Now with more Pulp!

Douglas Ellis has sent along another interesting item from the pages of POPULAR magazine.

This time, it’s a WHH mention in the “A Chat With You” portion. The write-up is for Hodgson’s story, “The Getting Even of ‘Parson’ Guyles”, which appeared in the February, 1916, issue.

The following is the text as it appeared:

Of the stories by men beginning their career as writers that come in to us unsolicited, a large percentage are either stories of newspaper life or stories of crime. We know whereof we speak, because we actually go through carefully all the manuscripts that come to us. The newspaper stories are explained by the fact that a great many writers serve their apprenticeship as newspaper men, and write about the things they are best acquainted with. The crime stories are written because a criminal enterprise of some sort seems the most obvious means by which thrill, incident, and danger may be woven into the fabric of ordinary civilized life of to-day. As we say, we like to have as few rules, especially of a negative sort, as possible. We are strongly tempted, however, to make it a rule that no story in which the hero, being a reporter about to be fired, redeems himself by getting a “scoop,” will ever appear in our magazine. So many stories with this plot have been printed, and so many, many more have been written! But perhaps that story will come along again, in new guise, and it will seem so clever, so exciting, so amusing that we will take it. Similarly we have read so many sordid unpleasant stories of crime and criminals, so many foolish stories of sentimental burglars, so many unethical stories of greedy crooks who prosper largely that we are tempted sometimes to shut out the criminal classes altogether. Then along will come a story like one which appears in the next issue of the magazine which we simply must have, and which proves to us yet once more that there are glittering exceptions to all the rules.
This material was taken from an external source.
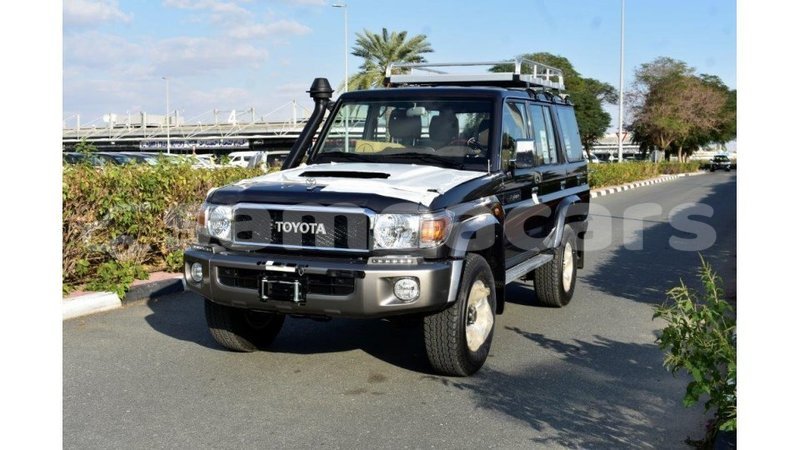 Big with watermark toyota land cruiser a ana import dubai 4325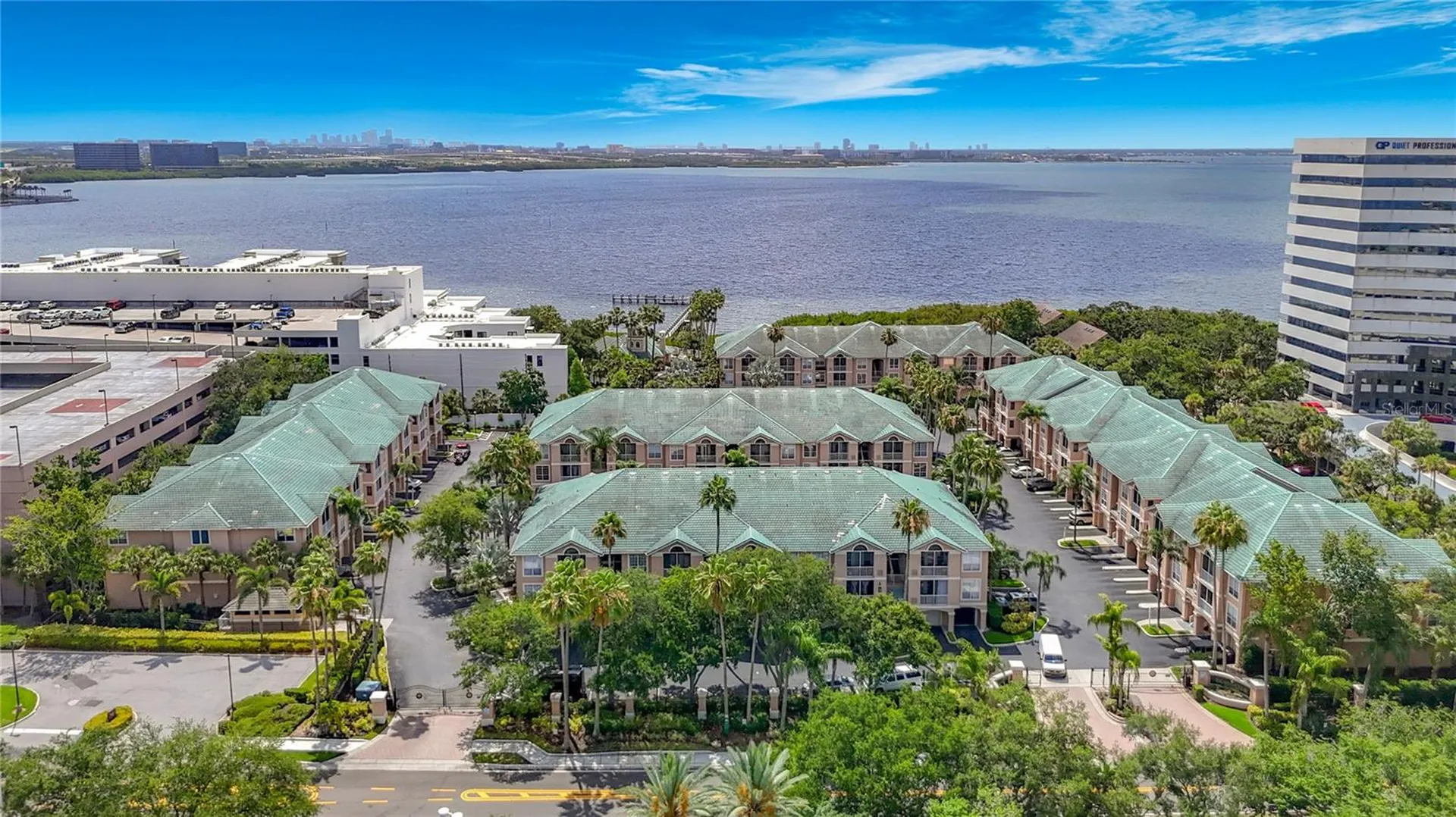 5308 Bay Club Circle Tampa FL 33607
This particular story has an odd title. It is called “The Getting Even of ‘Parson’ Guyles.” It was written by William Hope Hodgson, a writer new to the pages of THE POPULAR. In the first place, it is a really brilliant piece of characterization. The “Parson” is a mechanical genius, of religious tendencies, who tries with all his might to keep straight, but is tempted and falls. The more ordinary crooks who assist him in his enterprise are excellent foils. The very strength of character drives the Parson to try so hard to live down his past makes him a creature of dynamic force, mastering and compelling the other two by sheer dominance of idea and personality. The enterprise is the breaking into the carefully guarded strong room of a great bank. The speedy action, the vivid scenes that stamp themselves on the imagination of the reader, the tense excitement, the overpowering anxiety that holds the reader while offices of the law on one side and breakers of the law on the other fight against time make this rather long short story something to be remembered for a long time.


Although I think that this is a bit much in terms of hyperbole, it’s always interesting to see what contemporary sources have to say about Hodgson’s fiction. Especially when they heap so much praise on Hodgson’s ‘characterizations’ which is something many critics have considered to be one of WHH’s greatest weaknesses.
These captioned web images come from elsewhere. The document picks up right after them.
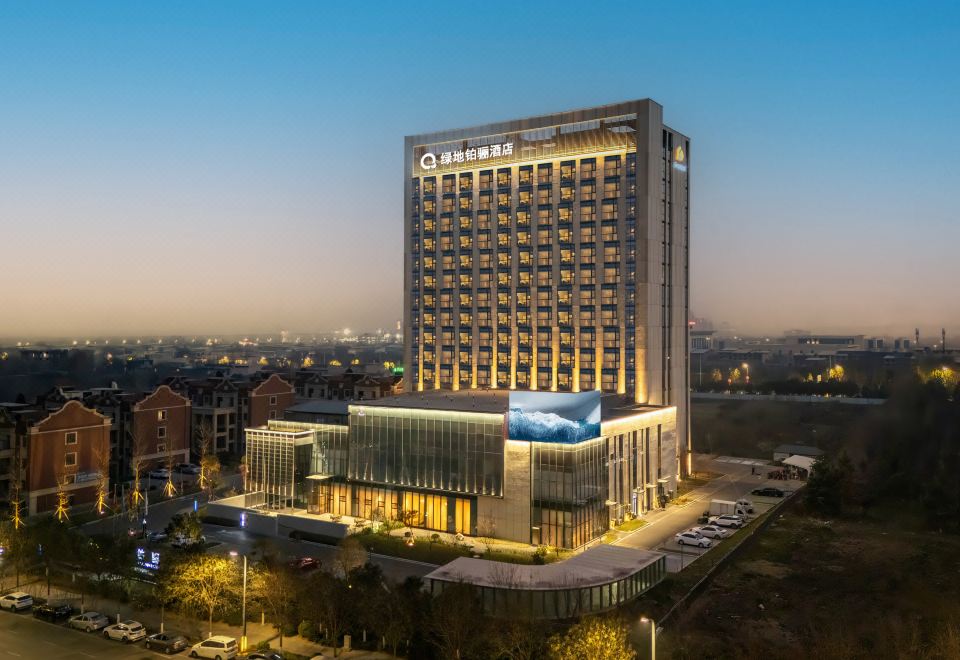 富平绿地铂骊酒店外景图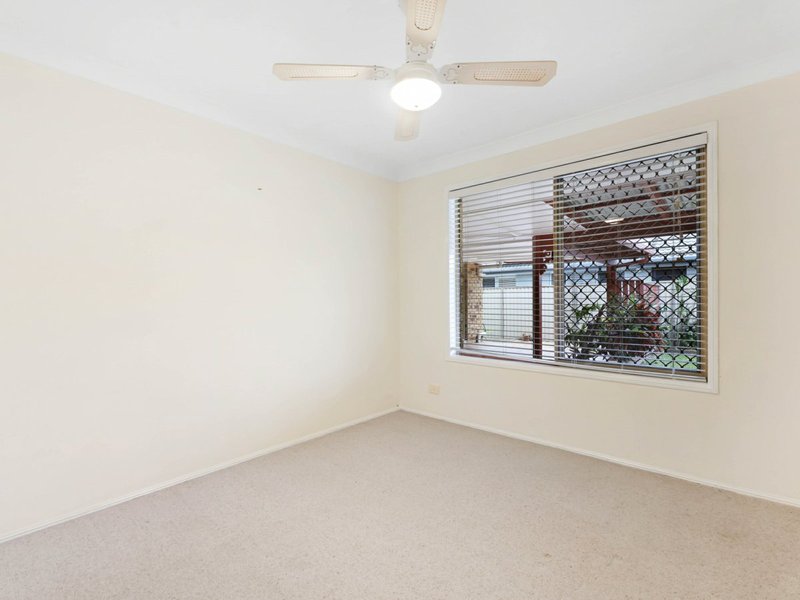 Photo - 16 Agave Street, Elanora QLD 4221 - Image 15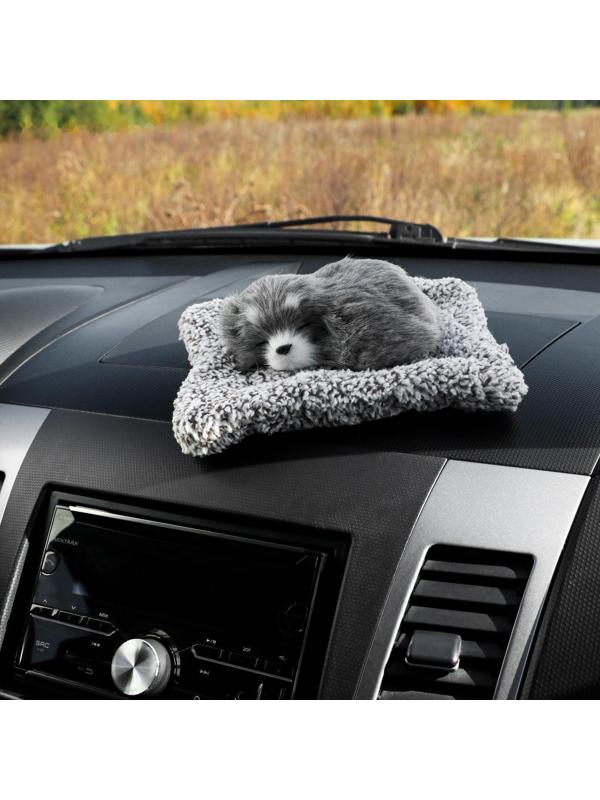 Игрушка на панель авто, собака на подушке, серый окрас
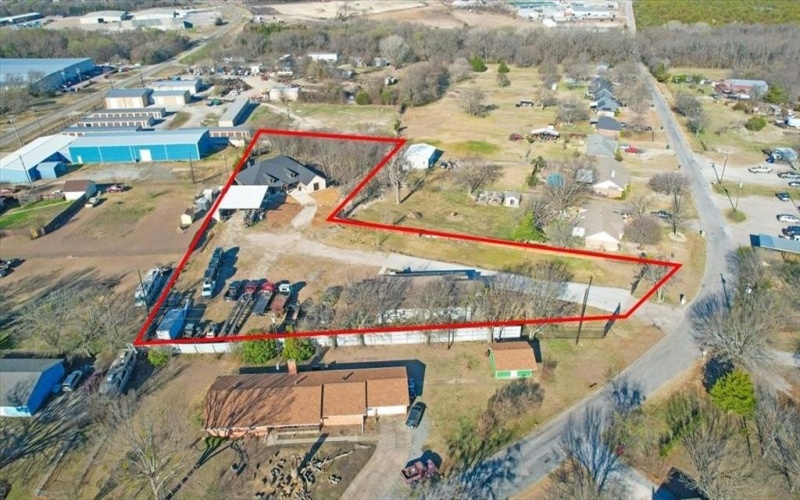 920 Oil Mill Road, Van Alstyne, TX 75495, 5 Habitaciones Habitaciones , ,3 BañosBaños,Residential,En Venta,920 Oil Mill Road,0,21194739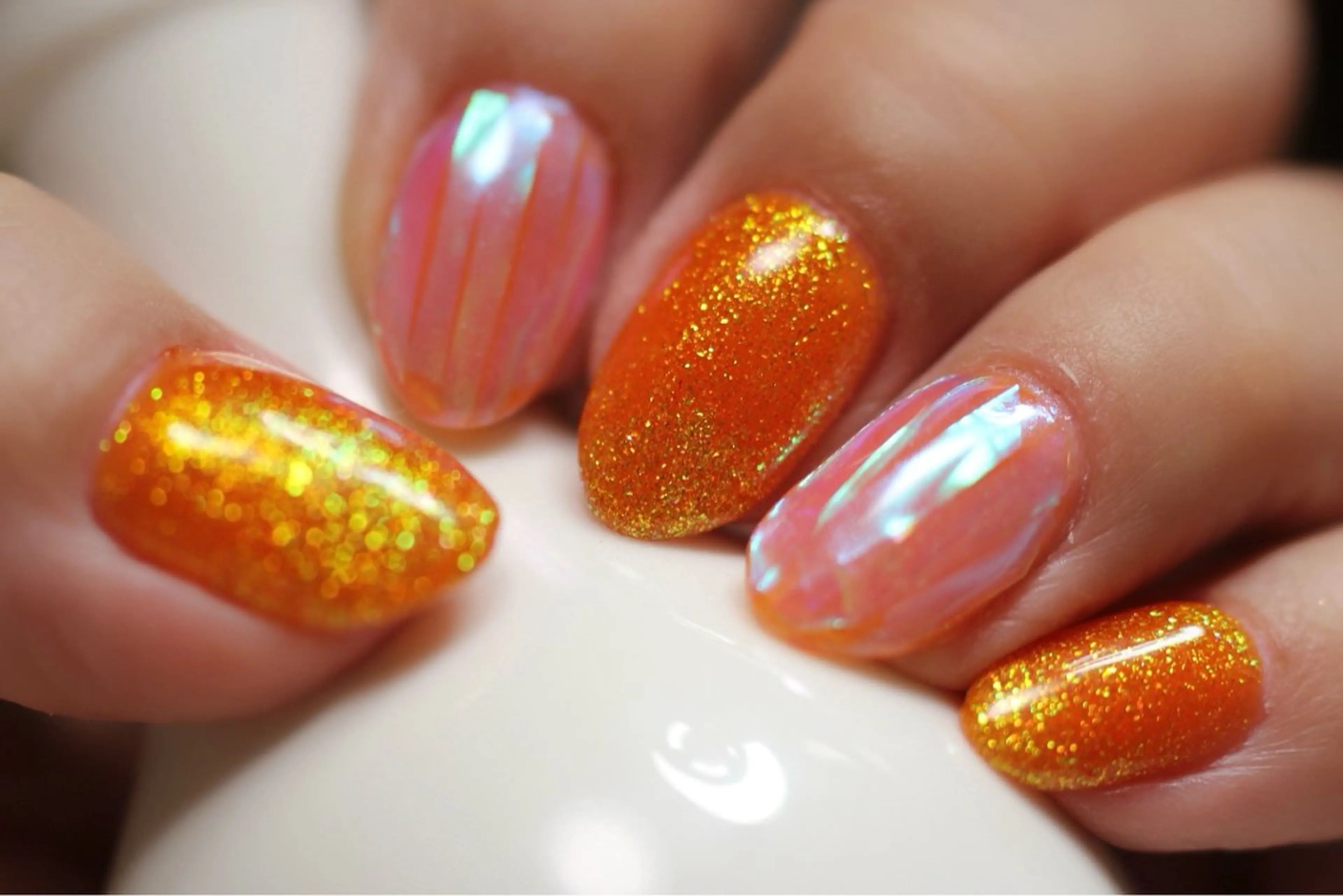 ネイル オーロラネイル フラッシュネイル ジェルネイル ママリンド　志村坂上店所属・しみ えんのネイルデザイン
Thanks again to Douglas Ellis for supplying this excellent item!


1 Comment

Filed under William Hope Hodgson

One response to “Now with more Pulp!

  1. Sam,

    I saw this little gem in the Lovecraft eZine website. Written by author Scott Niclolay, it is in a list of his Five Favorite Weird Tales. This was first in his list. The text follows:

    ““A Tropical Horror”, by William Hope Hodgson.
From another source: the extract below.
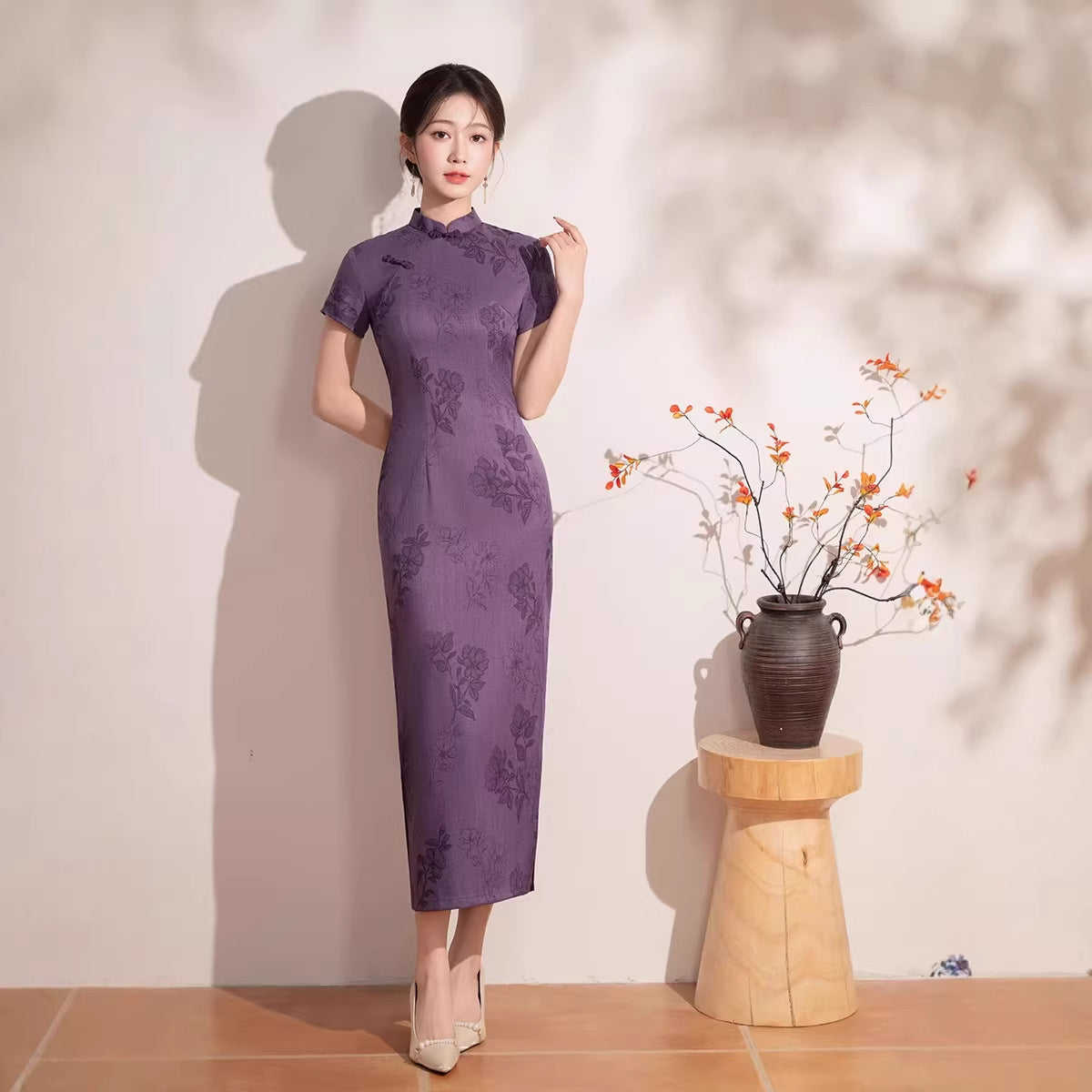 Vintage Purple Jacquard Short Sleeve Qipao Dress | Mandarin Collar Slim Midi Cheongsam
    Hodgson was the unsurpassed master of sustained and extended dread, and unlike most writers of Weird/Cosmic Horror, he could sustain that dread even over the course of a novel…even over a long, long novel. Many of his short stories are defining classics of the form as well. Though “A Tropical Horror” is not nearly as celebrated as “The Voice in the Night” or “The Whistling Room,” it is a special favorite of mine for its simple, elegant construction. This is the epitome of the Fortean Weird that I love: strange monster boards ship, eats most everyone, leaves. No real plot, just dread, blood, realistic nautical action, a monster worthy of the true monster junkie, and one of the most effectively horrific puns ever deployed in genre fiction.”